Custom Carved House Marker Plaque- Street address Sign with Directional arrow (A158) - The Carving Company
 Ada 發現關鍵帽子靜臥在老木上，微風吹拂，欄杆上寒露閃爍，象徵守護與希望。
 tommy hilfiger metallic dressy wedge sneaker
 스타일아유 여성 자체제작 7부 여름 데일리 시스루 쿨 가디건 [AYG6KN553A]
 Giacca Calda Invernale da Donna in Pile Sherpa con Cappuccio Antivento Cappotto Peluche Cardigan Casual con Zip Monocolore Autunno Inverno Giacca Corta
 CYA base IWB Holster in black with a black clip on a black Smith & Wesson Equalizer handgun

-----

- THE PROBLEM:
Using the listing above, return all lines where the word "with" occurs.

- ANSWER AREA:
Custom Carved House Marker Plaque- Street address Sign with Directional arrow (A158) - The Carving Company
 CYA base IWB Holster in black with a black clip on a black Smith & Wesson Equalizer handgun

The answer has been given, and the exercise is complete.